Each morning, I wake up to a symphony of despair, the weight of the world pressing on my chest. The simplest tasks become monumental feats, the very act of getting out of bed akin to scaling a mountain. Mundane routines that once brought solace now feel like insurmountable obstacles. The world loses its color, fading into a grayscale existence where joy and enthusiasm are distant memories. Every step forward feels like wading through thick, viscous tar, each breath a battle against an invisible force determined to drag me down.

The pain of depression is an abyss, a void that swallows joy, leaving only a relentless ache in its wake. It’s an insidious force that coils around my heart, squeezing tighter with every passing moment. Each breath feels like a laborious effort, as if I’m carrying the weight of the world within my chest. The simplest tasks become monumental challenges, and the world outside seems like a distant, faded canvas. Emotions, once vivid and vibrant, now blur into a grayscale spectrum of muted hues. It’s a constant battle against an invisible foe, an unending struggle that leaves me weary, drained, and desperately searching for respite. In this dark realm, every moment is a reminder of the profound weight I carry, a weight that no one else can see.

Depression has a way of isolating, creating an impenetrable fortress of self-doubt and loneliness. The mind relentlessly whispers that I am unlovable, a burden to those around me. It convinces me that my struggles are a testament to my weakness, that I’m somehow flawed beyond repair. It becomes a silent scream that echoes through my heart, drowning out the rational voice that tries desperately to remind me of my worth. In the company of others, I am the outsider, an actor on a stage, performing a role that I was never meant to play.

Maintaining relationships under the weight of depression is a delicate dance, a constant battle between the yearning for connection and the fear of being a source of negativity. I become a master of masks, hiding the tempest within, afraid that revealing my true state will drive loved ones away. It’s a paradoxical struggle of craving support while fearing rejection, yearning for understanding while feeling utterly incomprehensible. The walls I build to protect myself also serve as barriers, leaving me both desperately wanting and unable to bridge the gap.

For me, the journey through depression has taken me to the perilous edge, where the pain becomes too immense to bear. The mind tricks me into believing that there’s an escape, that perhaps the void is better than the relentless ache. It’s a dark abyss that swallows reason, leaving behind a suffocating stillness. And yet, for those who have stood on that precipice, there’s a profound revelation – the sheer resilience it takes to turn away, to choose life over the void. It’s a testament to the flicker of strength that resides within, the small spark that refuses to be extinguished.
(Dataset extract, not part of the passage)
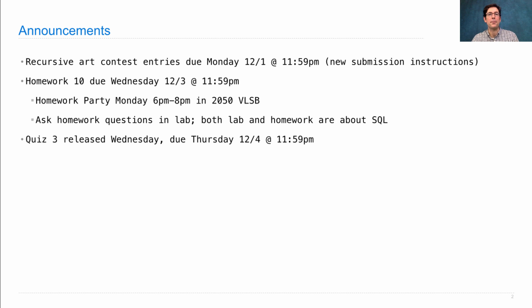All of this is in preparation for Quiz Number 3, which will be quite similar to Homework 10. It will be released on Wednesday, due the following day on Thursday.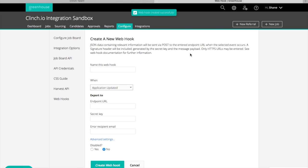Once these steps have been completed, changes in your candidate status in Greenhouse will be reflected automatically in Clinch.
To the world, I’m a master of disguise, a high-functioning individual who excels in my endeavors. I smile, I achieve, I persist. Yet, beneath the surface, there’s a storm raging. The energy it takes to maintain this facade is exhausting, leaving me depleted and hollow. It’s a testament to my determination, and my unwavering willpower to continue despite the unending struggle. Each accomplishment is a victory, a testament to my indomitable spirit, and a lifeline that keeps me tethered to hope.

Living with Major Depressive Disorder is an odyssey of the soul, a battle that is fought not just day by day, but moment by moment. It’s a testament to the resilience of the human spirit, a reminder that even in the darkest of times, there is a glimmer of hope. By sharing these raw, unfiltered experiences, I hope to shed light on the silent struggle of so many, fostering empathy, understanding, and, ultimately, healing. Remember, you are not alone in this journey, and there is strength in seeking help, in speaking your truth, and in finding hope amidst the darkness. Hold on, just like me, because there is hope. Keep fighting, because even when our depression tells us we aren't worth it – we are. And always remember, you are never alone.